We were to start with Haunted Mansion which we had lightnin’ lane for. Past the horseless ghost carriage and we were almost there. It’s not a fast or thrill ride, but the atmosphere of the ghostly mansion with all its many details and Vincent Price style narration is impressively atmospheric and dark, and likeably, deliberately cheesy. Many of the images and characters are holograms and it’s truly creepy and fun. There are two films based on the ride, one from the 1990s with Eddie Murphy which we were to see at home after getting back, and one new version which we were to see at a nearly empty movie theatre in Disney Springs tomorrow.
Then we walked through the now ever-crowded park to another nostalgic attraction of ours and very famous to Disney-ites: the Enchanted Tiki Room. There is also one at the original Disney park, Disneyland in California and that dates back to 1963. The one at Disneyworld in Florida was built in 1971. After queuing you enter a large round wicker tiki hut. There are fake tropical birds on perches above, and lots of other man-made décor around. All is very colourful and spotlit.
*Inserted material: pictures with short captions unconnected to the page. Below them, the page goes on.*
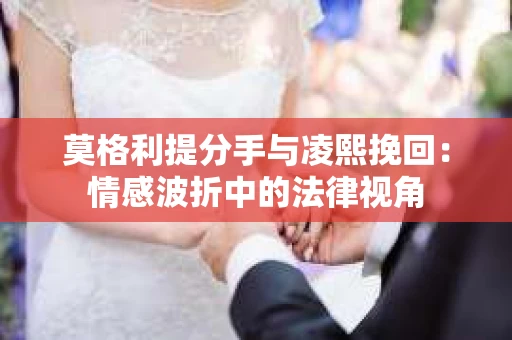 莫格利提分手与凌熙挽回：情感波折中的法律视角
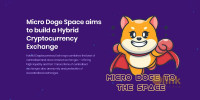 Micro Doge Space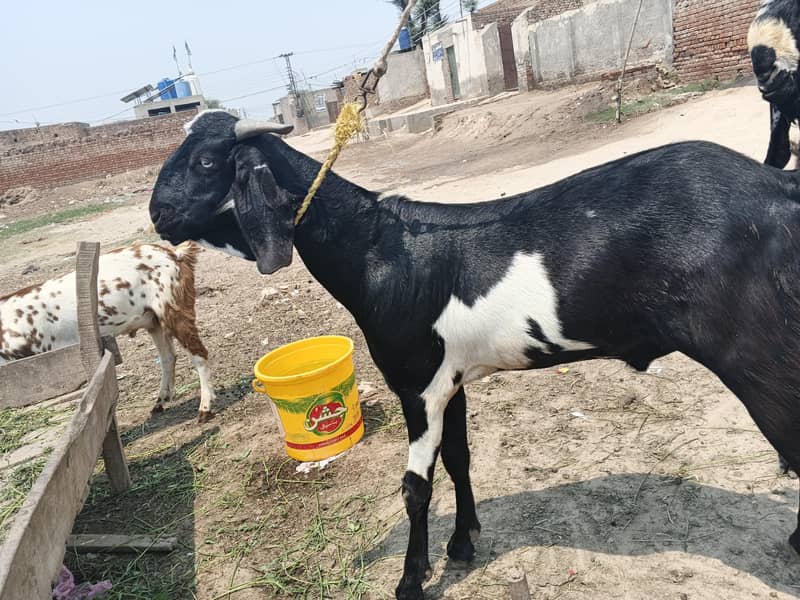 دوندے بکرے 6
The show – which lasts for about fifteen minutes – starts with the birds seemingly “coming to life” and starting a comical conversation between themselves. The birds represent different nationalities so the accents are strong. I think Fritz starts off proceedings. Then they break into song, the famous ‘Tiki Room’ number. Then the singing flowers have their turn, and the drumming alligators join in and so on. My brother, Martyn, would roll his eyes and exit to the nearest place to get a beer within seventeen seconds, but we like it!
Out in the hot sun, we got a seat and shared a pineapple Dole-whip cream ice which was delicious.
Another ride next, as we used Lightnin’ Lane again and did the Pirates of the Caribbean ride that we had also done in 2014 and 2019. It’s on a boat as you ride in man made caves and observe fake, animated pirate models and scenes on all sides, Johnny Depp’s character appearing several times. It’s really well done. They’ve changed and polished some scenes, and eliminated the canon fight between pirate ships that used to you splash you a little.
For a change, we then took the complimentary scenic train through to another section of the park we wanted to get to. We realised you can’t actually get off at Tomorrowland, so we rode around again to the nearest walking point to it.
In Tomorrowland – which looks very 1950s/60s sci-fi futuristic – we tried a younger ride, “Buzz Lightyear’s Space Ranger”. It was one of those where your car spins around fast and you shoot at targets and compare scores. We like those! Then the endearingly very old-fashioned, mechanical show ‘Carousel of Progress’ that we know so well from past visits. It’s from the New York World Fair of 1964. We enjoy it. Mechanical models of a typical American family (on a gradually revolving stage) take you through various ages of the twentieth century, enjoying the advances of modern technology as told through the father’s soothing, jovial narration.
Fast food, good quality burgers and fries next in a large cafe, we rode the Space Mountain shuttle out of Tomorrowland and rested our weary feet for a bit. In Fantasyland next – the most crowded – we did ‘It’s A Small World’, of course (again part of our personal Disney nostalgia, and countless visitors’)! Equally corny but equally lovable, it’s tradition.
We did another kiddie ride, Nemo, and then a sit down and we bought a “grey stuff” dessert. It’s made using oreos and vanilla pudding and looks like an ice cream. Surprisingly very tasty!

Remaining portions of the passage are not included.